The NetApp AFA EF600 is an end-to-end NVMe array aimed at the midrange. The array is only 2U but can pack up to 367TB of capacity in its small frame and quotes performance that would rival much larger enterprise arrays. This includes 2 million IOPS, up to 44GB/s for bandwidth, and latency under 100μs. The array also comes with some built-in futureproofing with the support of 100Gb NVMe over InfiniBand, 100Gb NVMe over RoCE, FCP support, and 32Gb NVMe over FC. Like all NetApp arrays, the EF600 comes with high availability and several built-in data protection capabilities. 
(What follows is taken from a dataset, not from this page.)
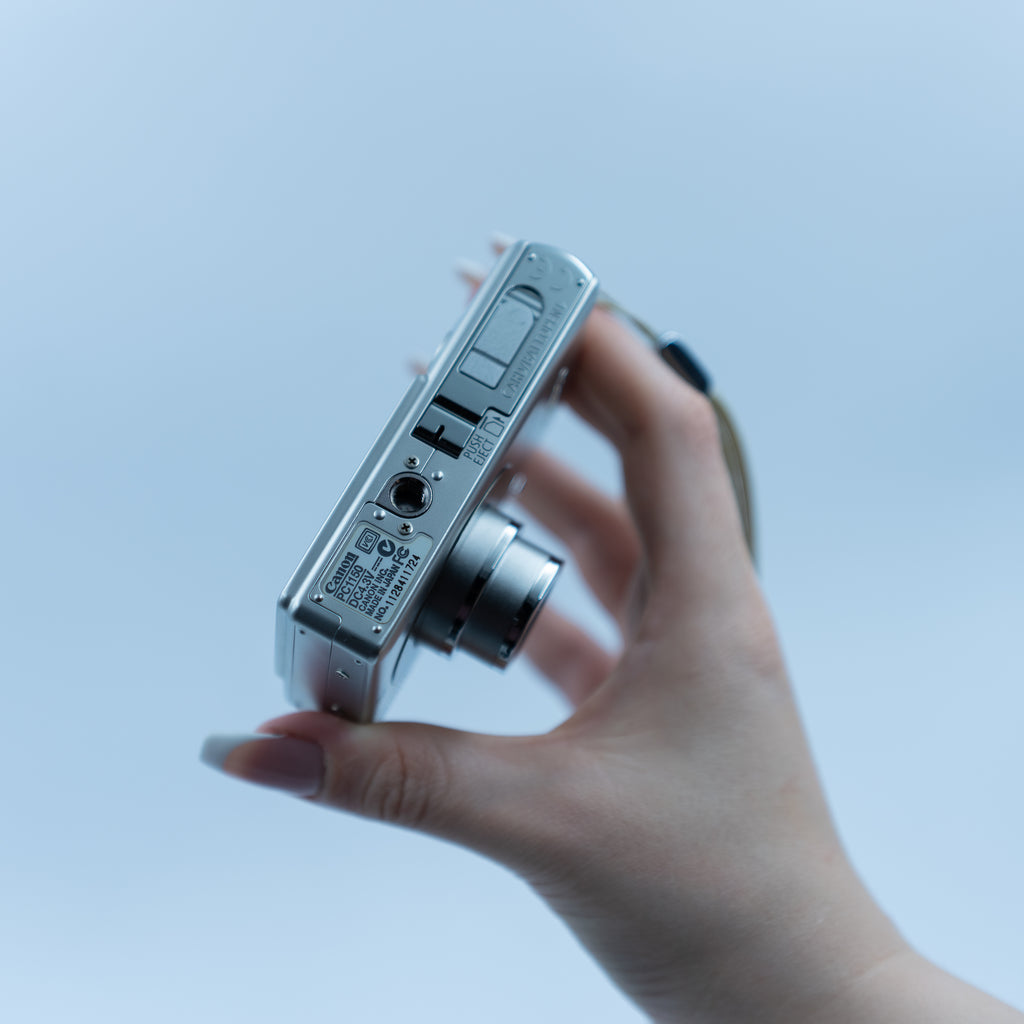 Canon PowerShot SD400 lens detayı | RetroCameraLand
Looking at performance, we compared the EF600 running NVMe-oF versus the EF570 over FCP. This wasn’t designed to show which is better, but more to illustrate what one can expect from the two units. For 4K random read the EF600 had over double the peak performance of the EF570 at over 2 million IOPS and nearly half the latency at only 1.4ms. For 4K write the EF600 had nearly 3x the peak performance (640K IOPS) at one-third the latency (about 1.5ms). With our 64K sequential workloads we saw peak performance of 40.2GB/s read and 8.87GB/s write about 2.6x faster on reads and 1.8x faster on writes. For SQL the EF600 had peak scores of 1.88 million IOPS, 1.78 million IOPS for SQL90-10 and 1.56 million IOPS for SQL 80-20 all at sub-millisecond latency. With our Oracle tests the EF600 hit 1.53 million IOPS, 1.66 million IOPS on Oracle 90-10, and 1.51 million IOPS in Oracle 80-20, again all under 1ms latency. 
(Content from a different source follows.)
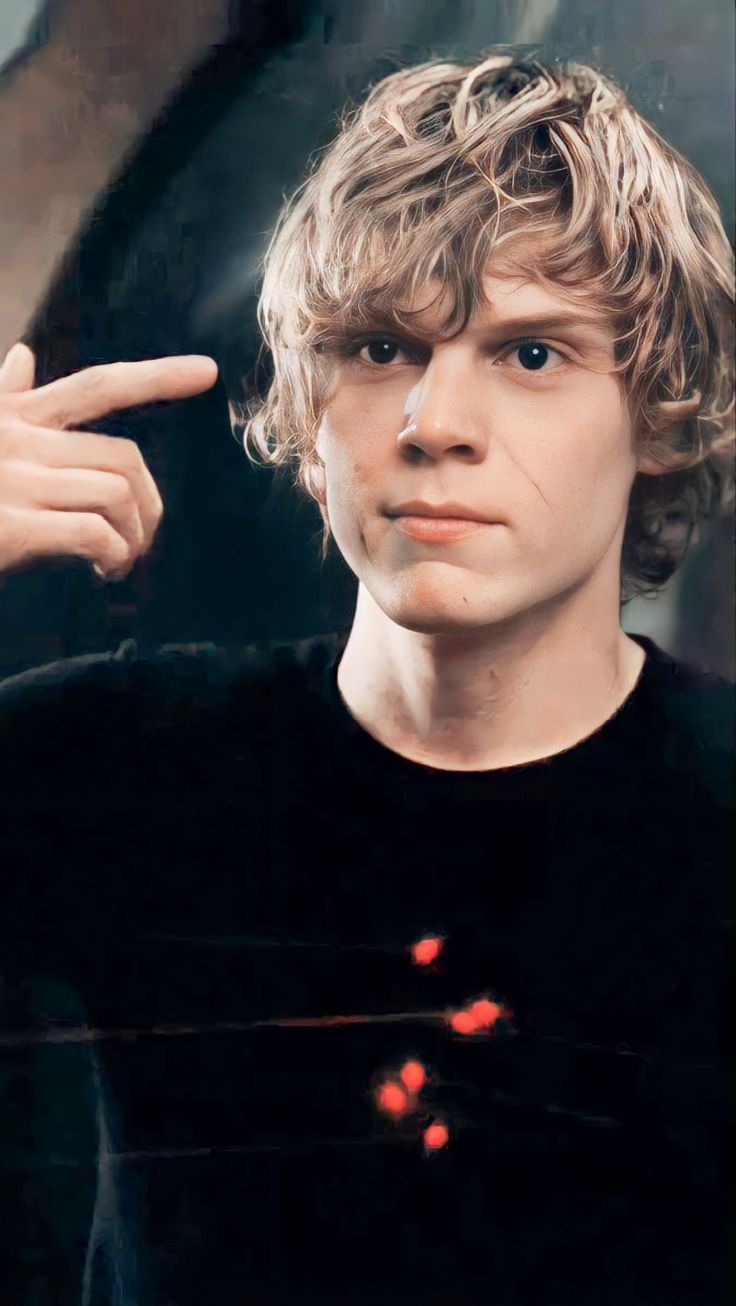 Evan Peters. Evan peters, Evan, Hot actors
The AFA EF600 is yet another impressive array from NetApp. The EF600 gives midrange users the capacity they need, as well as very high transactional performance with low latency. For customers that don't need the data-reduction or the rich data-services the ONTAP side of the house offers, the EF600 fits the role of offering high-performance for targeted applications that can benefit from the latest NVMe SSD and data transport technologies. Ultimately the EF600 won't be for everyone but that's not the intent, it's clearly not a Swiss Army Knife. NetApp's intent with the EF600 is a litlte more tactical; that is to provide a hardened platform capable of taking applications that tend to fall outside the usual virtualization hot spots, and drive faster time-to-enterprise-value. The EF600 will accelerate AI, ML and database workloads, offering actionable insights to the business faster than ever before in this category of storage. For that performance to price benefit and the reliability this fifth generation EF provides, the EF600 earns the NetApp EF family another StorageReview Editor's Choice Award.